To ascertain the fold integrity of the prepared Csep1^p sample prior to crystallization trials, we estimated its secondary structure content using circular dichroism (CD). Analysis of the CD spectrum (Figure 4) yielded values of 38% and 20% for α-helix and β-sheet content, respectively. These values are close to those predicted from the primary sequence analysis (α = 38%, β = 19%) using the Jpred4 server [25], confirming that Csep1^p extracted from IBs is folded.

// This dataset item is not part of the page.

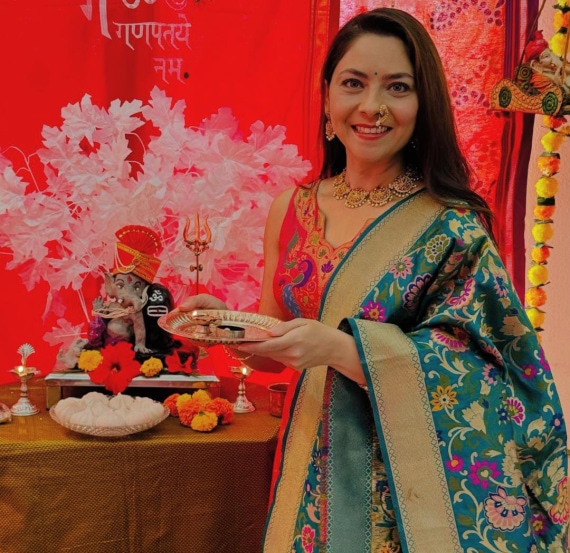 sonali kulkarni ganpati 2024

3.4. Crystallization and Preliminary X-ray Analysis

To initiate a study of the structure/function relationship of Csep1^p, we undertook robotic crystallization trials using commercially available screens, and optimized the preliminary hits manually to produce monocrystals of suitable size and diffraction quality. The best crystals were obtained using PEG 4000 as a precipitant and a protein concentration of 8 mg/mL. The crystals typically appeared after two days (Figure 5). An X-ray diffraction data set was collected for a single cryo-cooled crystal, using beamline MX2 at the Australian Synchrotron to a resolution of 1.4 Å. Auto-indexing of the diffraction data using XDS [19] was consistent with a trigonal or hexagonal crystal system. The data could be scaled using AIMLESS [20] in the hexagonal system, and analysis using POINTLESS [22] showed systematic absences along the 00l axis, with reflections only present when l = 3n, which suggested that the crystals belong to space group P6₂ or its enantiomorph P6₄. The average I/σ(I) value was 15.1 for all reflections (resolution range 28.08–1.40 Å) and 1.0 in the highest resolution shell (1.42–1.40 Å). A total of 189,480 measurements were made of 43,067 independent reflections. Data processing gave an R_merge of 0.03 for intensities (0.288 in the 1.42–1.40 Å resolution shell). The data was 94% complete, with 61% completeness in the highest resolution shell (Table 1). Analysis of the data using PHENIX Xtriage [26] detected no signs of twinning. Calculation of the Matthews coefficient and solvent content for one molecule in the asymmetric unit gave values of 2.47 ų Da⁻¹ and 50%, respectively, which lies in the range observed for protein crystals [27]. Determination of the structure will require heavy-atom derivatization or selenomethionine substitution to allow experimental phasing using multiple isomorphous replacement or single- or multi-wavelength anomalous dispersion methods.